Your task is to output every record exactly as it is given.

### PROVIDED RECORDS

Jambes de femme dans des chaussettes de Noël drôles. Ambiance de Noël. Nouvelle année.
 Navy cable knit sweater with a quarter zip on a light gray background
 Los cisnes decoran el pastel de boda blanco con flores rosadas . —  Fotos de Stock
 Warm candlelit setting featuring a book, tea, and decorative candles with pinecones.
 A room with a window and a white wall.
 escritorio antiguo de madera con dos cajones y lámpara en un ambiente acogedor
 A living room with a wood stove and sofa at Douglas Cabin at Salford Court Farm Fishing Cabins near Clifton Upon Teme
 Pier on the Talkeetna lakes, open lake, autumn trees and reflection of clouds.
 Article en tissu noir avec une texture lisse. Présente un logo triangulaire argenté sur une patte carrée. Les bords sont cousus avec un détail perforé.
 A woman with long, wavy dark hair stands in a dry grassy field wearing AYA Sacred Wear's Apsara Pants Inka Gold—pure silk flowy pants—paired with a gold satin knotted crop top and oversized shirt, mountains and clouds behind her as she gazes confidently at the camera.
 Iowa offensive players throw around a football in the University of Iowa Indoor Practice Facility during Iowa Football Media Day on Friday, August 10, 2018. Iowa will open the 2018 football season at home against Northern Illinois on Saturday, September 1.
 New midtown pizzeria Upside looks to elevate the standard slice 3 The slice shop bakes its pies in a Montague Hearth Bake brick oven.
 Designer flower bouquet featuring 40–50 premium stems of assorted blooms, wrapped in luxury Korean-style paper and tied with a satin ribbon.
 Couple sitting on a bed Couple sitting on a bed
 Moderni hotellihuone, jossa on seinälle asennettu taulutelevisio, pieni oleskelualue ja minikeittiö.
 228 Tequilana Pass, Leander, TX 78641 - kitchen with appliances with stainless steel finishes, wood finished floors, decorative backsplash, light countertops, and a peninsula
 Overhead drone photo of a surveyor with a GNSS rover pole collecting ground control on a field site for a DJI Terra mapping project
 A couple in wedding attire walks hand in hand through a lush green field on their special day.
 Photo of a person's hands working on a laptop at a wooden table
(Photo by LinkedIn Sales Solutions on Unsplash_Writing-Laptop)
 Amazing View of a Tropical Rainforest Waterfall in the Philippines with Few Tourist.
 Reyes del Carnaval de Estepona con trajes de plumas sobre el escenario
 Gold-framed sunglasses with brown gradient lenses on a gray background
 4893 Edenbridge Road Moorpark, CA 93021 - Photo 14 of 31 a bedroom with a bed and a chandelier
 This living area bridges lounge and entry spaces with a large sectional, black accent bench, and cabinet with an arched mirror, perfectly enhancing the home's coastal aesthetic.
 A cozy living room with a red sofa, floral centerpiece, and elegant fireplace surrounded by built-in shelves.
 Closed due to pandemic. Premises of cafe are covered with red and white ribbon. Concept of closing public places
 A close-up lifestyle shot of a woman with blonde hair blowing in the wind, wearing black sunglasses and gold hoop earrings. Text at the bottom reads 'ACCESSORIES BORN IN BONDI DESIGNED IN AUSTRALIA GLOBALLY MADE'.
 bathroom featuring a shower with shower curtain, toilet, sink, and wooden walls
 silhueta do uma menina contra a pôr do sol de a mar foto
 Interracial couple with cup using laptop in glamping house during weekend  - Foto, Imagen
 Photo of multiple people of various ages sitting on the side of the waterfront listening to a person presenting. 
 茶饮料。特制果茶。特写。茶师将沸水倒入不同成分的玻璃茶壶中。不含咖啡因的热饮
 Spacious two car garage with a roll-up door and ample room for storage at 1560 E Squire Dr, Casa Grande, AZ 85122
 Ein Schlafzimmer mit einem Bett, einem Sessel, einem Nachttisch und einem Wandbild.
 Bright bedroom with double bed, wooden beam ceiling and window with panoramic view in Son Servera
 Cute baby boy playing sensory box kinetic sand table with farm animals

######

_EXERCISE SOLUTION:_
Jambes de femme dans des chaussettes de Noël drôles. Ambiance de Noël. Nouvelle année.
 Navy cable knit sweater with a quarter zip on a light gray background
 Los cisnes decoran el pastel de boda blanco con flores rosadas . —  Fotos de Stock
 Warm candlelit setting featuring a book, tea, and decorative candles with pinecones.
 A room with a window and a white wall.
 escritorio antiguo de madera con dos cajones y lámpara en un ambiente acogedor
 A living room with a wood stove and sofa at Douglas Cabin at Salford Court Farm Fishing Cabins near Clifton Upon Teme
 Pier on the Talkeetna lakes, open lake, autumn trees and reflection of clouds.
 Article en tissu noir avec une texture lisse. Présente un logo triangulaire argenté sur une patte carrée. Les bords sont cousus avec un détail perforé.
 A woman with long, wavy dark hair stands in a dry grassy field wearing AYA Sacred Wear's Apsara Pants Inka Gold—pure silk flowy pants—paired with a gold satin knotted crop top and oversized shirt, mountains and clouds behind her as she gazes confidently at the camera.
 Iowa offensive players throw around a football in the University of Iowa Indoor Practice Facility during Iowa Football Media Day on Friday, August 10, 2018. Iowa will open the 2018 football season at home against Northern Illinois on Saturday, September 1.
 New midtown pizzeria Upside looks to elevate the standard slice 3 The slice shop bakes its pies in a Montague Hearth Bake brick oven.
 Designer flower bouquet featuring 40–50 premium stems of assorted blooms, wrapped in luxury Korean-style paper and tied with a satin ribbon.
 Couple sitting on a bed Couple sitting on a bed
 Moderni hotellihuone, jossa on seinälle asennettu taulutelevisio, pieni oleskelualue ja minikeittiö.
 228 Tequilana Pass, Leander, TX 78641 - kitchen with appliances with stainless steel finishes, wood finished floors, decorative backsplash, light countertops, and a peninsula
 Overhead drone photo of a surveyor with a GNSS rover pole collecting ground control on a field site for a DJI Terra mapping project
 A couple in wedding attire walks hand in hand through a lush green field on their special day.
 Photo of a person's hands working on a laptop at a wooden table
(Photo by LinkedIn Sales Solutions on Unsplash_Writing-Laptop)
 Amazing View of a Tropical Rainforest Waterfall in the Philippines with Few Tourist.
 Reyes del Carnaval de Estepona con trajes de plumas sobre el escenario
 Gold-framed sunglasses with brown gradient lenses on a gray background
 4893 Edenbridge Road Moorpark, CA 93021 - Photo 14 of 31 a bedroom with a bed and a chandelier
 This living area bridges lounge and entry spaces with a large sectional, black accent bench, and cabinet with an arched mirror, perfectly enhancing the home's coastal aesthetic.
 A cozy living room with a red sofa, floral centerpiece, and elegant fireplace surrounded by built-in shelves.
 Closed due to pandemic. Premises of cafe are covered with red and white ribbon. Concept of closing public places
 A close-up lifestyle shot of a woman with blonde hair blowing in the wind, wearing black sunglasses and gold hoop earrings. Text at the bottom reads 'ACCESSORIES BORN IN BONDI DESIGNED IN AUSTRALIA GLOBALLY MADE'.
 bathroom featuring a shower with shower curtain, toilet, sink, and wooden walls
 silhueta do uma menina contra a pôr do sol de a mar foto
 Interracial couple with cup using laptop in glamping house during weekend  - Foto, Imagen
 Photo of multiple people of various ages sitting on the side of the waterfront listening to a person presenting. 
 茶饮料。特制果茶。特写。茶师将沸水倒入不同成分的玻璃茶壶中。不含咖啡因的热饮
 Spacious two car garage with a roll-up door and ample room for storage at 1560 E Squire Dr, Casa Grande, AZ 85122
 Ein Schlafzimmer mit einem Bett, einem Sessel, einem Nachttisch und einem Wandbild.
 Bright bedroom with double bed, wooden beam ceiling and window with panoramic view in Son Servera
 Cute baby boy playing sensory box kinetic sand table with farm animals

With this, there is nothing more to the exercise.